» About this task: Given the records underneath, please repeat exactly the lines from the line with "Полезная еда часто" through the line with "Shein black solar", passing over any picture.

++++ Data section

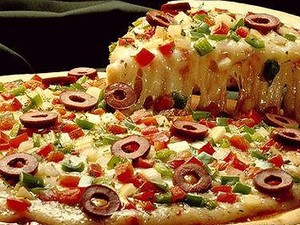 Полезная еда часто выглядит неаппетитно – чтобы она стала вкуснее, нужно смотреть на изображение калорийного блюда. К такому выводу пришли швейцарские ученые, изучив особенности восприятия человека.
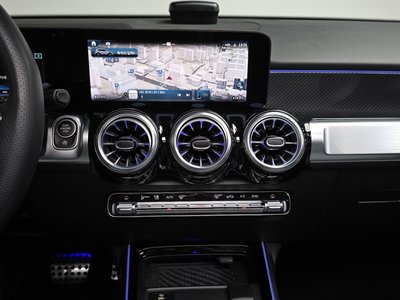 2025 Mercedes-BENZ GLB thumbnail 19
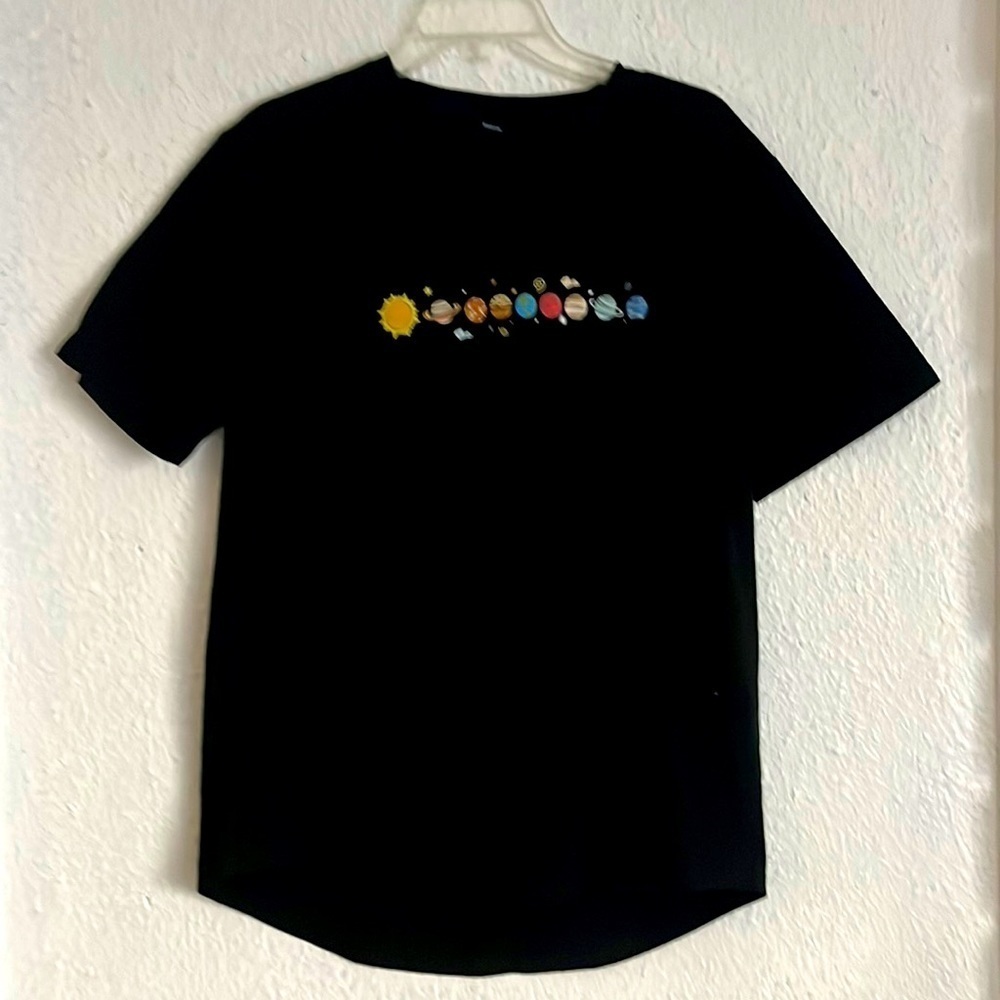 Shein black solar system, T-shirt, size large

++++++++
++++ Data section

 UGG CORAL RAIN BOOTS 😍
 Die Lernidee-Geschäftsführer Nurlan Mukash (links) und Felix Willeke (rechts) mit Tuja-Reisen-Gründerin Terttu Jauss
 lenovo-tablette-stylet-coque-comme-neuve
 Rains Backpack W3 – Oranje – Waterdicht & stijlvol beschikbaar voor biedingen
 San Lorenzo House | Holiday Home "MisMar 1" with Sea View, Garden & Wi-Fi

++++++++
++++ Data section

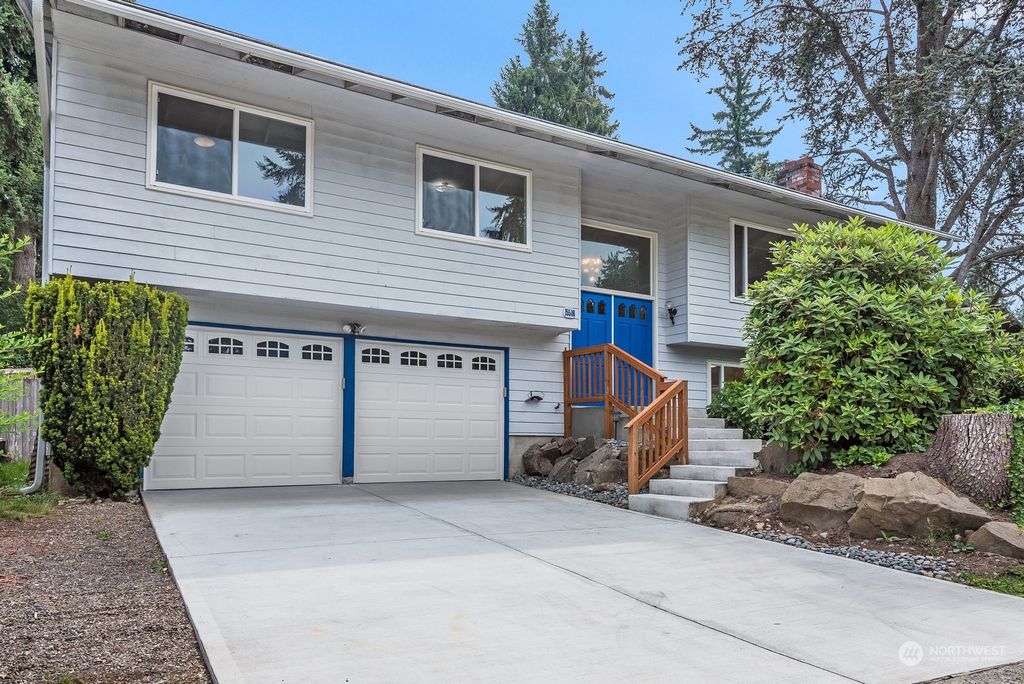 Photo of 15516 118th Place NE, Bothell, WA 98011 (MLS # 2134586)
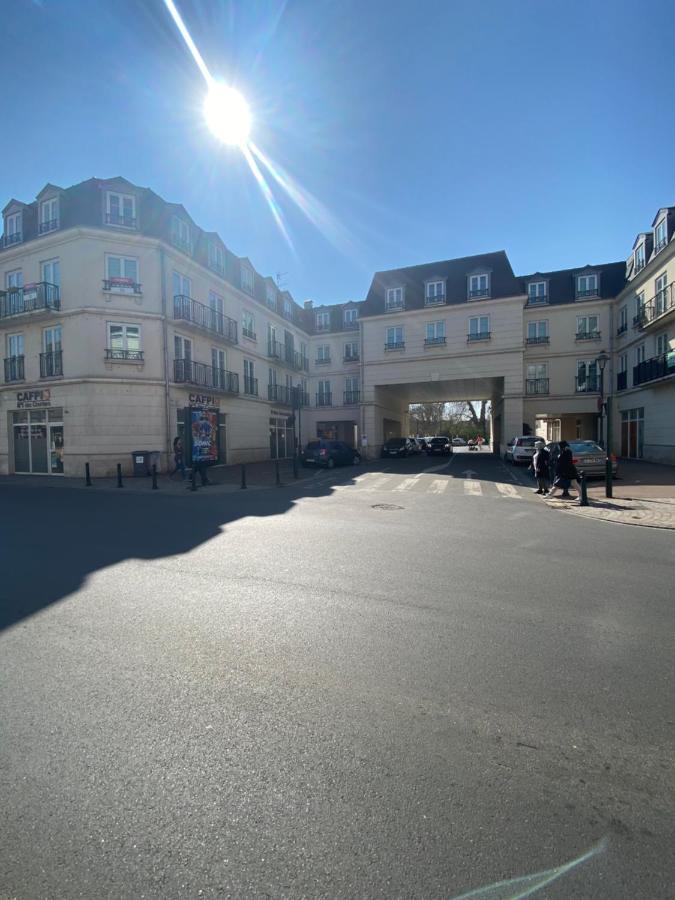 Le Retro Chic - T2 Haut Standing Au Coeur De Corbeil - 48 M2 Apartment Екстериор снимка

++++++++

» Task answer:
 Полезная еда часто выглядит неаппетитно – чтобы она стала вкуснее, нужно смотреть на изображение калорийного блюда. К такому выводу пришли швейцарские ученые, изучив особенности восприятия человека.
 2025 Mercedes-BENZ GLB thumbnail 19
 Shein black solar system, T-shirt, size large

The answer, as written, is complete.